Dinsdagochtend om acht uur kwam dus iedereen met koffertjes vol winterkleren en snowboots de aula binnendruppelen. De gebruikelijke PCR-tests werden weer gedaan en alles werd in de bus geladen. Heel veel liedjes en spelletjes later stopten we, ergens in een haarspeldbocht, waar in velden en wegen geen almhut te bekennen was. „Ik rij niet verder”, zei de buschauffeur. Blijkbaar had hij niet het volste vertrouwen in zijn voertuig, dat met zijn kostbare vrachtje op de ijzige, besneeuwde weg nog een paar bochten zou moeten maken. Dus laadden we onze koffertjes weer uit en rolden ze door de sneeuw naar het nostalgische, houten huisje.

De open haard was al aangemaakt door een Salzburger met een gek Tiroler accent. Iedereen rende door het huis om een goed bed te claimen en te ontdekken waar de sauna en de tafeltennistafel waren. Drie heerlijke dagen begonnen. Dagen waarin nauwelijks over corona werd gepraat en ik ontdekte wat voor rare muzieksmaak Oostenrijkers hebben. Een actief programma hadden we niet, dus liep het erop uit, dat we tot vijf uur wakker bleven, spelletjes deden, tafeltennisten, zongen en overdag meer horizontaal dan verticaal waren.
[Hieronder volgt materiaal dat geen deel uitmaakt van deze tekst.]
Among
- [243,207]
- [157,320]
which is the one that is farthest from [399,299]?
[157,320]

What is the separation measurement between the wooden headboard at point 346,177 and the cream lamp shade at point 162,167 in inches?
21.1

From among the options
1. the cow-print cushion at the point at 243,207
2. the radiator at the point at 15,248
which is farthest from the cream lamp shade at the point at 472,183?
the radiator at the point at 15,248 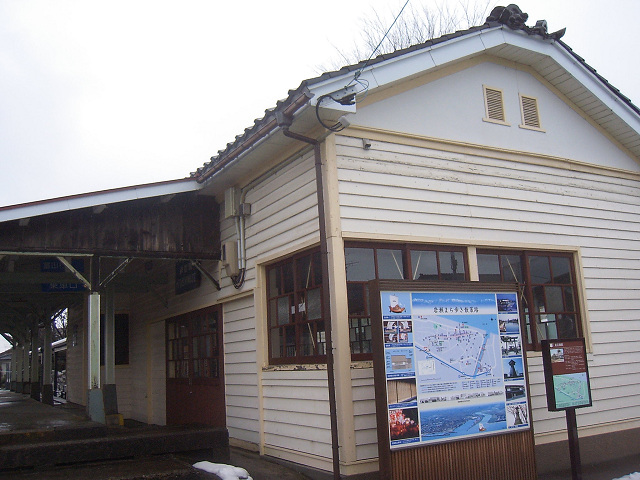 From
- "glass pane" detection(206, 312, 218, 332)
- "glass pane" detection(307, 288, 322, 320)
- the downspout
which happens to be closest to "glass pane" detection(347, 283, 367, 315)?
the downspout

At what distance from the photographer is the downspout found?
6609mm

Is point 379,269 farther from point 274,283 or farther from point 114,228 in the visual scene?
point 114,228

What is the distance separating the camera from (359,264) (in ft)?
24.0

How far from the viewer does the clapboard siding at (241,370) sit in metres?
8.76

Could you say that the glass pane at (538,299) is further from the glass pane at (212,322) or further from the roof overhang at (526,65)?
the glass pane at (212,322)

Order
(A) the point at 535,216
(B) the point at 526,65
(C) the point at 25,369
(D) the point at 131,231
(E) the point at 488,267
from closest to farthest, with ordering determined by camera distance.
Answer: (E) the point at 488,267 → (A) the point at 535,216 → (D) the point at 131,231 → (B) the point at 526,65 → (C) the point at 25,369

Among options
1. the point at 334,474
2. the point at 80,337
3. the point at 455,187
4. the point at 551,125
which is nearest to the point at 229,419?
the point at 334,474

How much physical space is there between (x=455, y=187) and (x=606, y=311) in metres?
3.26

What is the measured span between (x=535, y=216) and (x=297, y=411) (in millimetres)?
4390

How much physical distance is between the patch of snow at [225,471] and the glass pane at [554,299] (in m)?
4.89

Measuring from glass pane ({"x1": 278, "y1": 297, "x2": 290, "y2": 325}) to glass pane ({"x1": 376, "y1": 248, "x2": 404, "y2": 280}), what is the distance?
55.7 inches

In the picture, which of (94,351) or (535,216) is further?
(94,351)

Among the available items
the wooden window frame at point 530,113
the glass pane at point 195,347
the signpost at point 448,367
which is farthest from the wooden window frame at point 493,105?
the glass pane at point 195,347

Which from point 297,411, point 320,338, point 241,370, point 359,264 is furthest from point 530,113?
point 241,370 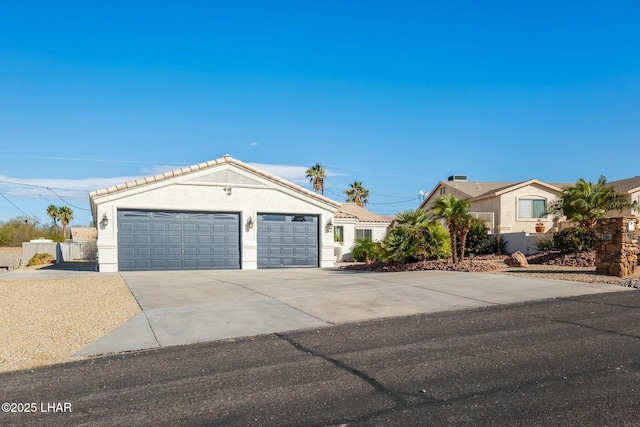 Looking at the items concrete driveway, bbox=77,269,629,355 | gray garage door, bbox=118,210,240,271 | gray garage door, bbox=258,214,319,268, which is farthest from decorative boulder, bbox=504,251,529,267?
gray garage door, bbox=118,210,240,271

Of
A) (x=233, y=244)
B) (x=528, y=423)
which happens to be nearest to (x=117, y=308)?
(x=528, y=423)

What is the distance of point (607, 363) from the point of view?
17.9 feet

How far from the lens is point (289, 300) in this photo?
10672 mm

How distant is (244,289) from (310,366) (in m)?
7.29

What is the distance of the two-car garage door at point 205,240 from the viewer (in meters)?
19.8

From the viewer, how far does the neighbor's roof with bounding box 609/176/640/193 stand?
31752 mm

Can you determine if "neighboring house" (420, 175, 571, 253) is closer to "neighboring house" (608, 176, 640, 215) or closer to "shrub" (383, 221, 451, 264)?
"neighboring house" (608, 176, 640, 215)

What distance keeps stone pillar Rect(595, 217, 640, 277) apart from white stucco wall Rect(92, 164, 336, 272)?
11785mm

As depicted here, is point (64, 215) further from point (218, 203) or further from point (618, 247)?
point (618, 247)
Woensdagavond hadden we een jodelworkshop met fakkelwandeling gepland. Helaas bleek de jodelman ziek en de fakkels onrealistisch, omdat we op sneeuwschoenen liepen en naast de stokken niet ook nog eens fakkels konden vasthouden. Het was toch erg leuk. We wandelden naar een monument, want blijkbaar hadden zelfs de Beatles dat plekje ontdekt voor een video-opname, dronken thee en genoten van de zonsondergang.

Vrijdag in de bus was de stemming iets minder levendig. Iedereen slapend, maar uiterst tevreden.